Friendly Neighbourhood Hydrological Models
Hydrological models that we would like to include in eWaterCycle (but see cartoon for unwanted outcome, credit: xkcd).
PCR-GLOBWB: PCRaster Global Water Balance is a large-scale, grid-based hydrological model intended for global to regional studies. Resolution of 0.5deg and 5 arcmin in space and days in time. Github link.

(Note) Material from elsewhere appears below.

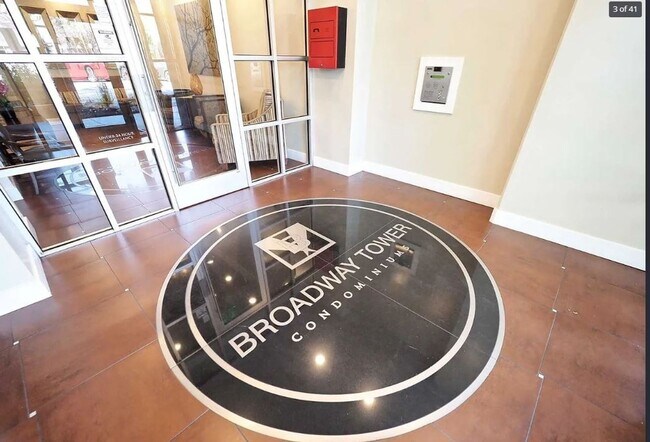 Photo - Broadway Condo Unidad 901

WFLOW: Hydrological simulations platform that includes various hydrological models (also allows to introduce new models using the framework). The different models share the same structure but are fairly different with respect to the conceptualisation. The shared software framework includes the basic maps (dem, land-use, soil, etc) and the hydrological routing via the kinematic wave. The Python class framework also exposes the models as an API and is based on the PCRaster. WFLOW includes links to BMI, OpenMI and OpenDAP. Github link.
SUMMA: Structure for Unifying Multiple Modeling Alternatives. An hydrologic modeling framework that can be used for the systematic analysis of alternative model conceptualizations with respect to flux parameterizations, spatial configurations, and numerical solution techniques. Different modeling approaches can then be implemented within the structural core, enabling a controlled and systematic analysis of alternative modeling options. Github link.
Datasets used in hydrological modeling. These datasets are specific and curated and include metadata. Some of the datasets comply with the FAIR principles
GEFS: The Global Ensemble Forecast System is a weather forecast model made up of 21 separate forecasts, or ensemble members.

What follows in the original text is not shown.